Acid Reflux

Introduction

Almost everyone has experienced acid reflux, or heartburn, at least once. If the acid reflux occurs more than twice a week, GERD (Gastroesophageal Reflux Disease) is usually diagnosed. Acid reflex affects all ages. The ease of treatment depends upon the cause. Acid reflux often lasts two hours or more, and is made worse by lying down or after eating a large meal. Although it is also known as heartburn, it does not have anything to do with the heart.

What is Acid Reflux?

Acid reflux is a burning sensation felt around the lower chest or stomach area. The burning sensation can continue all the way up into the throat. Acid reflux symptoms are frequently noticed after eating a large or spicy meal. It occurs when acids of the stomach flow back into the esophagus. This results in indigestion, a burning sensation, and sometimes regurgitation. Usually acid reflux does not cause serious complications.

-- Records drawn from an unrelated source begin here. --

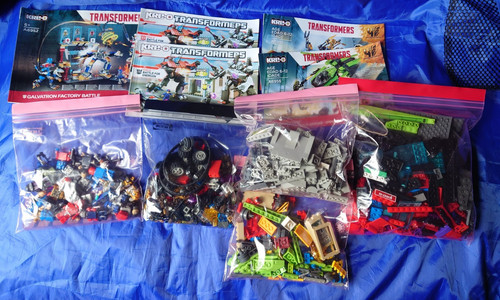 Pre owned kre transformers - pre-owned,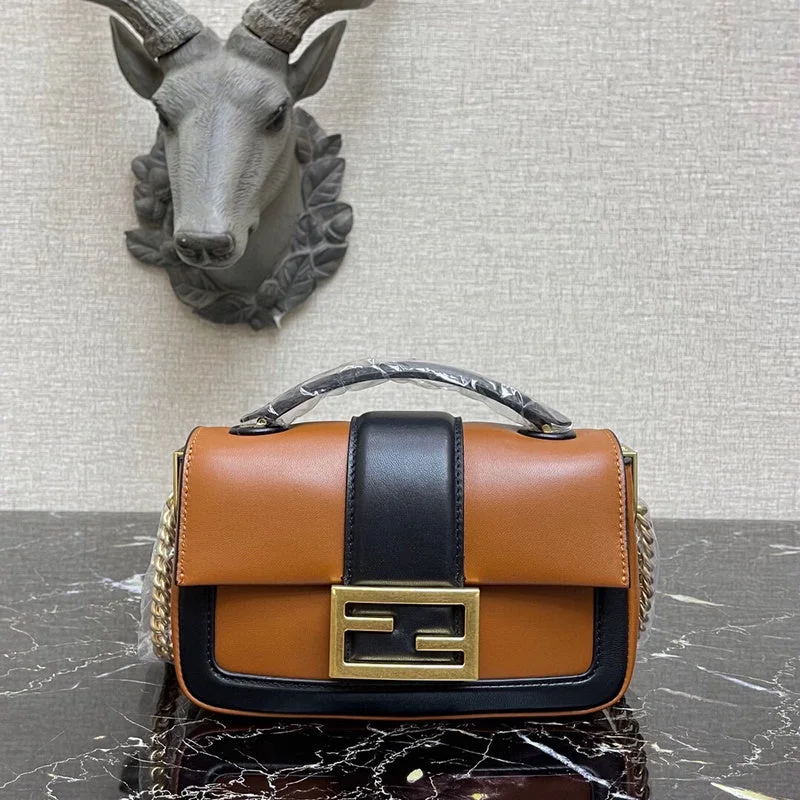 Fendi By The Way bags with a suede interior lining for a luxurious and soft feelBC - FENDI BAGS - 098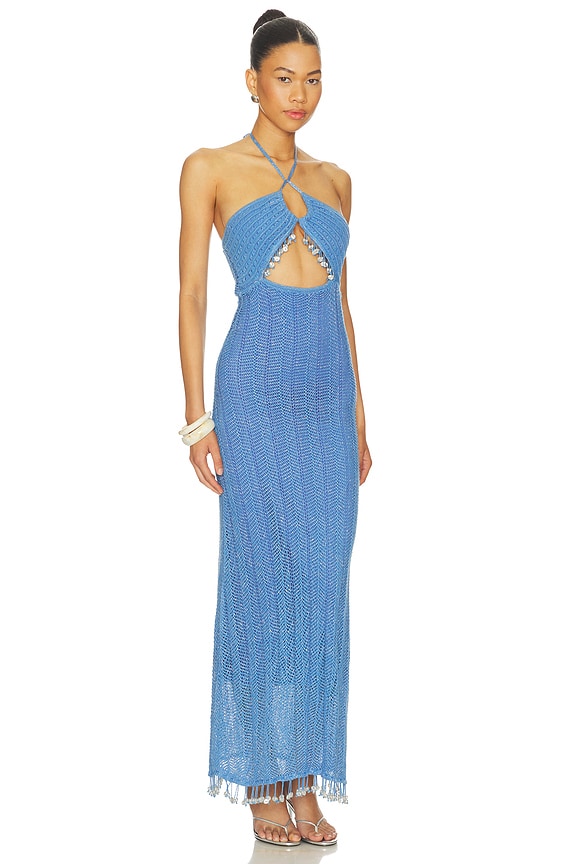 view 2 of 4 Vestido Daria in Blue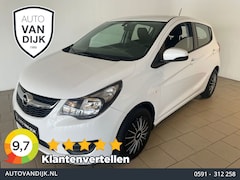 Opel Karl - 1.0 ecoFLEX Edition AIRCO CRUISE GROOT SCHERM BLUETOOTH ELEK RAMEN CENT VERG 2E EIG ZEER N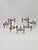 1970s Space Age Modular Candleholders by Nagel Stoff, 1970s, Set of 7 For Sale - Image 5 of 9
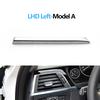 LHD RHD Left Right Air Vent AC Vent Grill Outlet Panel Lower Trim Strip For BMW 3 4 Series F30 F31 F34 F35 F32 F33 F36 F82 F83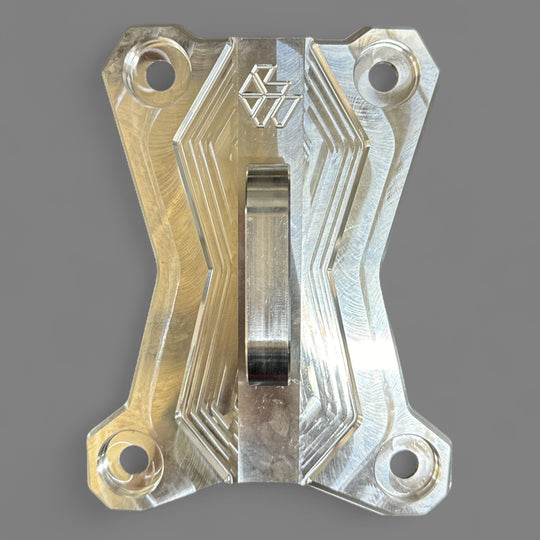 PRO R/ TURBO R / PRO S - RADIUS ROD PLATE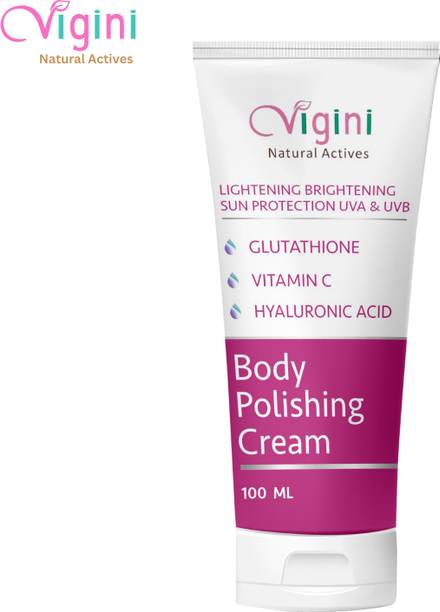 Vigini Skin Lightening Brightening Underarms Whitening Body Dark Spot Tan Removal Cream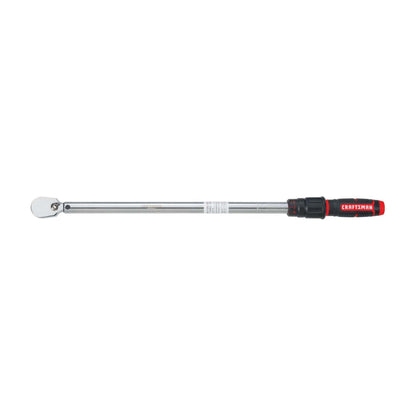 1/2" DRIVE MICROMETER TORQUE WRENCH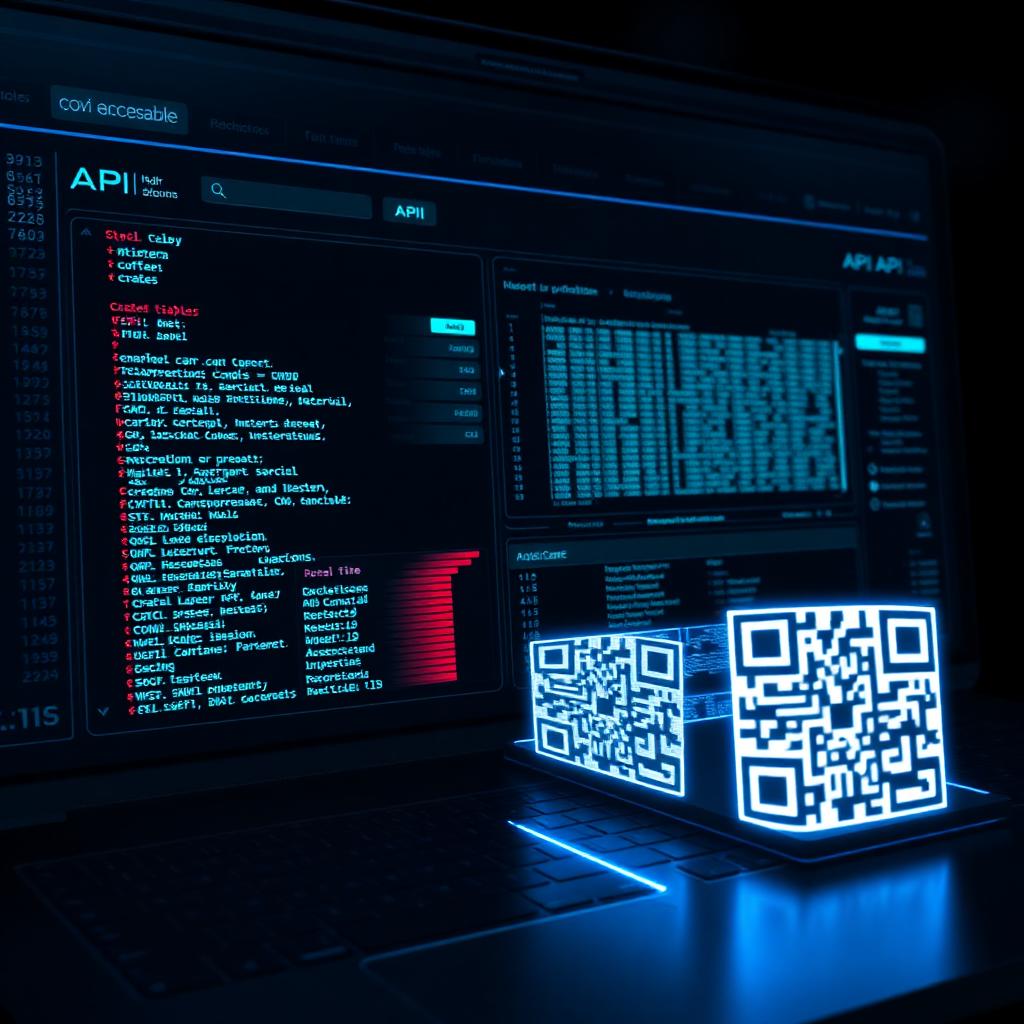 SmartLinks print partner API dashboard — programmatic dynamic QR code generation for connected packaging at scale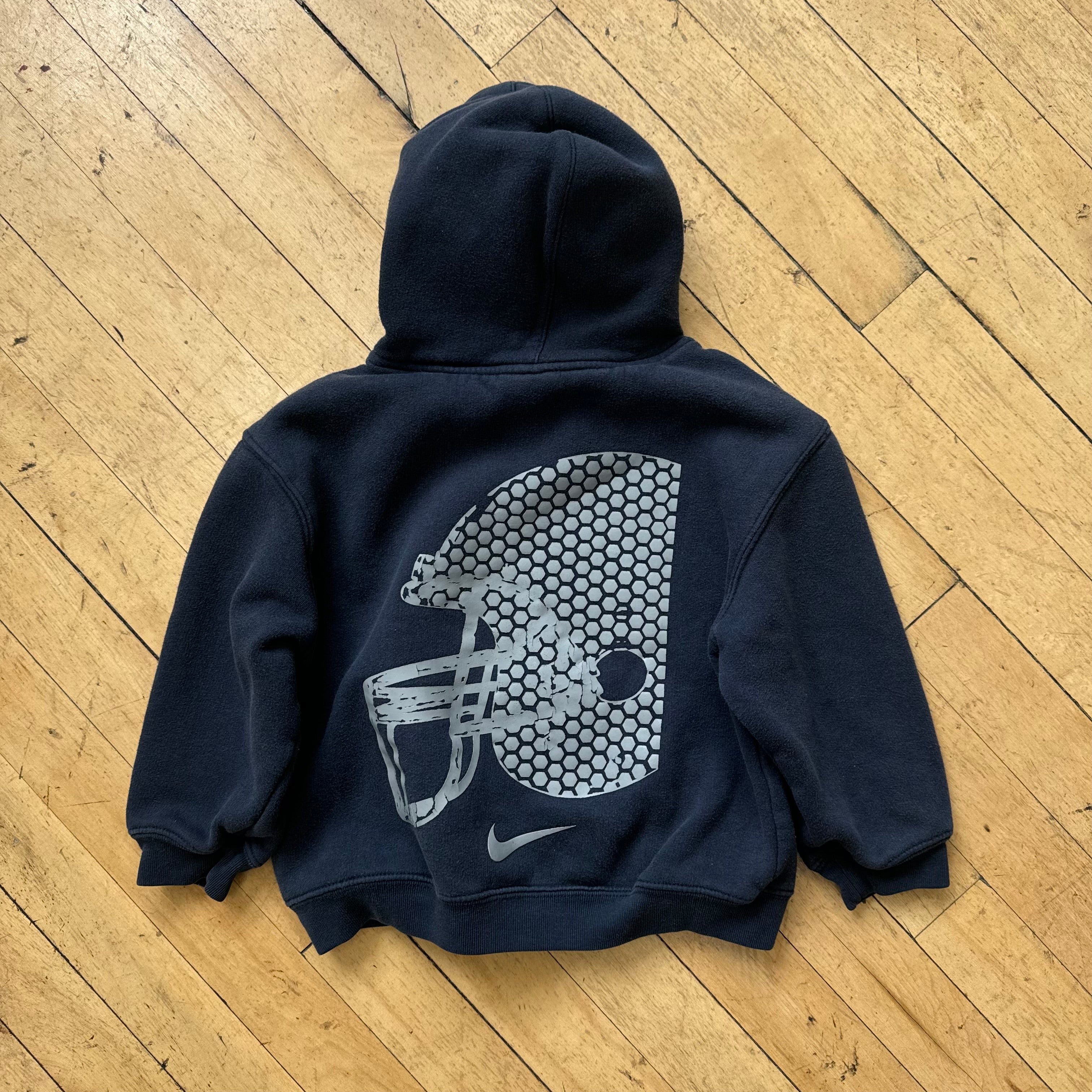 Vintage Nike Football Hoodie Sz 4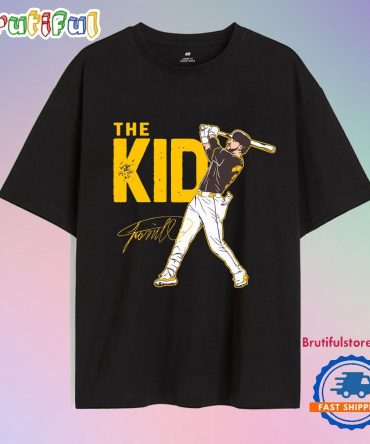 Jackson Merrill Signature The Kid San Diego Padres T Shirt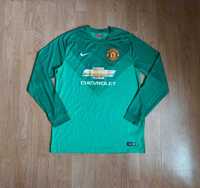Koszulka bramkarska Manchester United 14/15 r. L David de Gea 1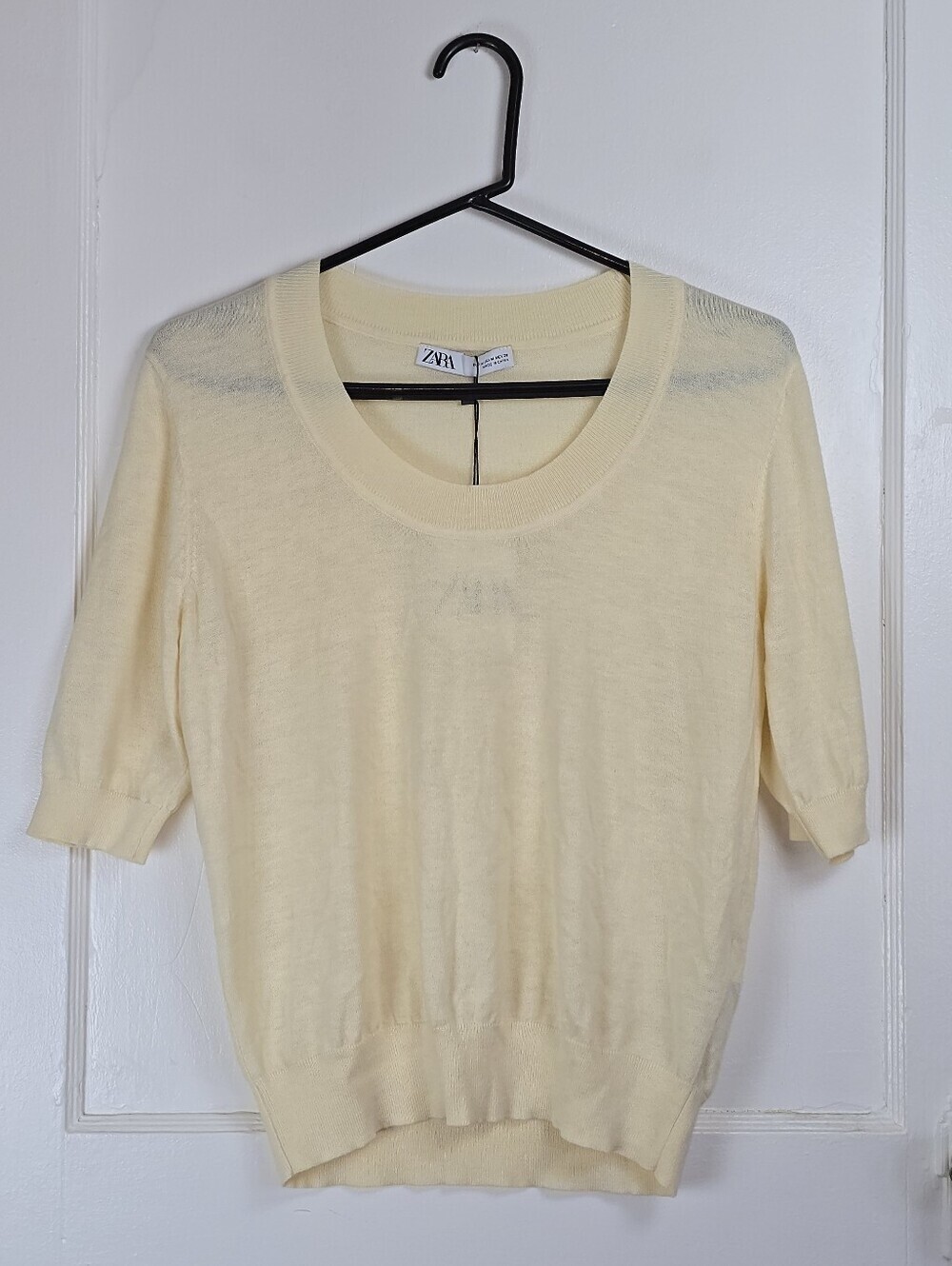 Zara Yellow Sweater NEW M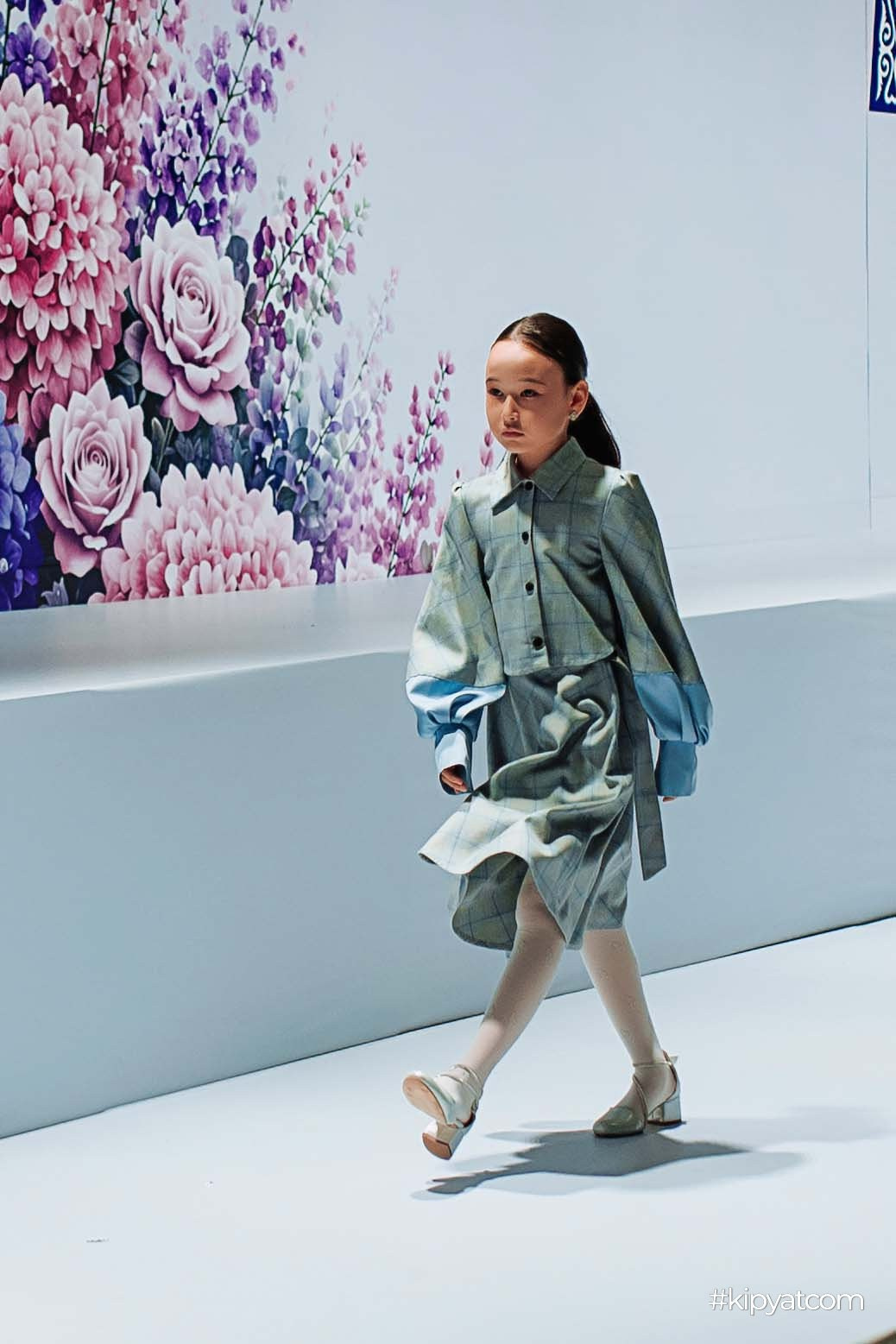 KAZAKHSTAN FASHION WEEK SHYMKENT «11 SEASON» KIDS. Кипятком Шымкент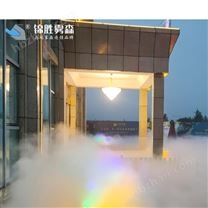 江西人造霧霧森系統(tǒng)，園林霧化景觀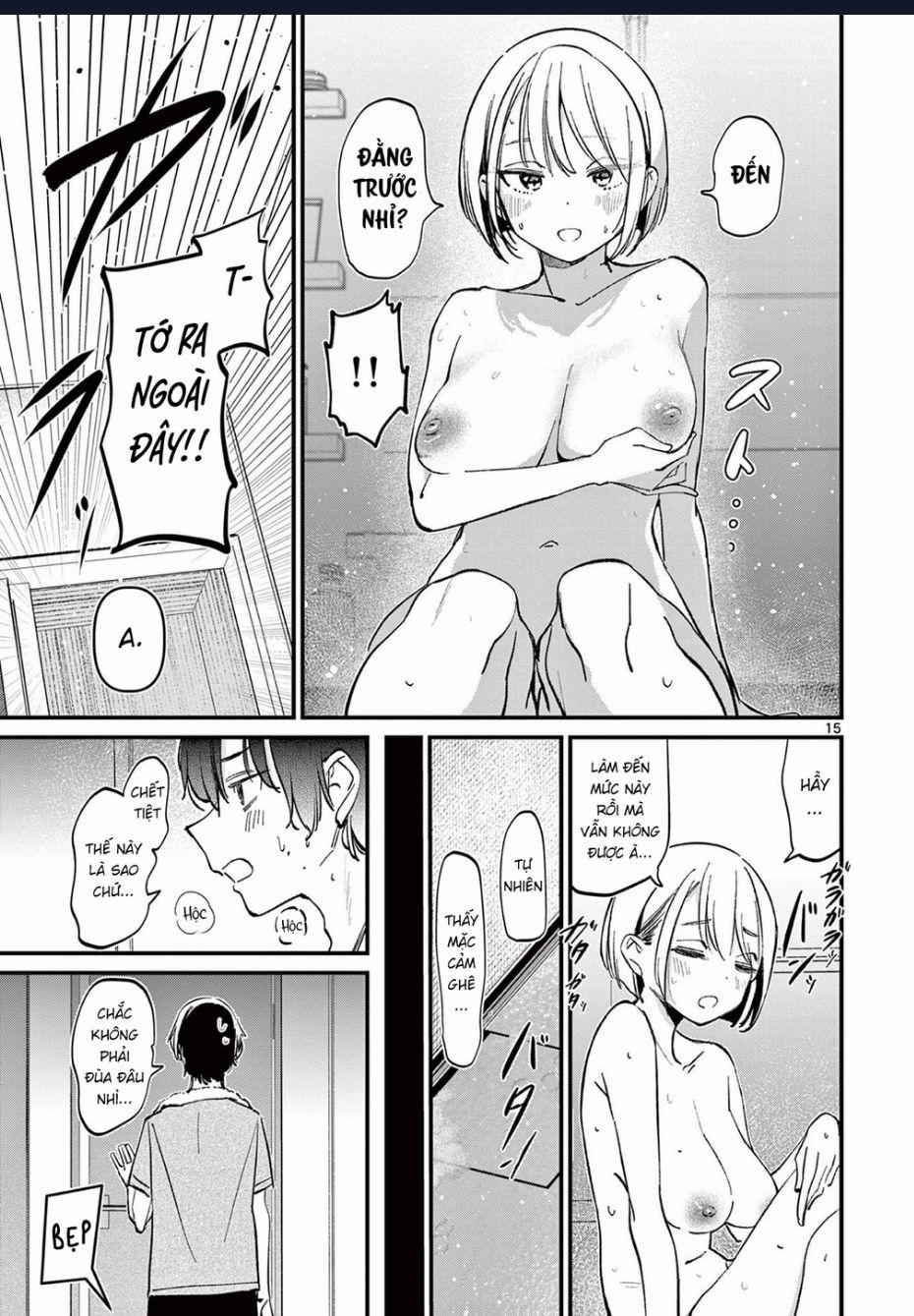 Bạn Gái Của Cậu Ấy Chuong 18 trang 13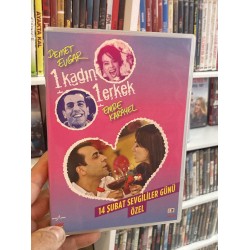 1 KADIN 1 ERKEK DVD 14 ŞUBAT SEVGİLİLER GÜNÜ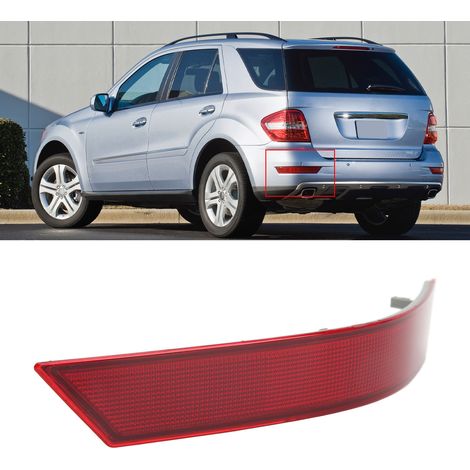 Réflecteurs de pare-chocs arrière pour Mercedes-Benz W164 2005-2011 (droit) : 1648200674 (1/5)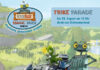 Poster: Am 26. August lädt der RitterRost Magic Park von 14:00 bis 15:30 Uhr zu einer spektakulären Trike-Parade und Fahrzeugausstellung ein.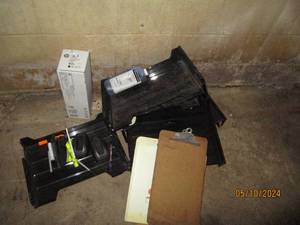 Office supplies and toner...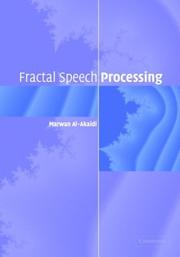 Cover of: Fractal Speech Processing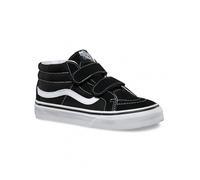 Chaussures Vans K SK8-Mid Reissue - Cuir - Scratch - Enfant - Noir 34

The Causes of Acid Reflux.

There are several causes of acid reflux, and a number of conditions which contribute to developing acid reflux. One of the most common causes of acid reflux is a Hiatal hernia. In this condition, a portion of the stomach normally located in the abdominal cavity pushes through the esophageal opening and remains lodged in the chest cavity. Another cause of acid reflux is pregnancy. Rapid weight gain, certain medications, and GERD all can cause acid reflux. Spices, chocolate, fried foods, tomato sauces, and carbonated beverages can trigger acid reflux. Abnormal curvature of the spine and weak back muscles can impact acid reflux.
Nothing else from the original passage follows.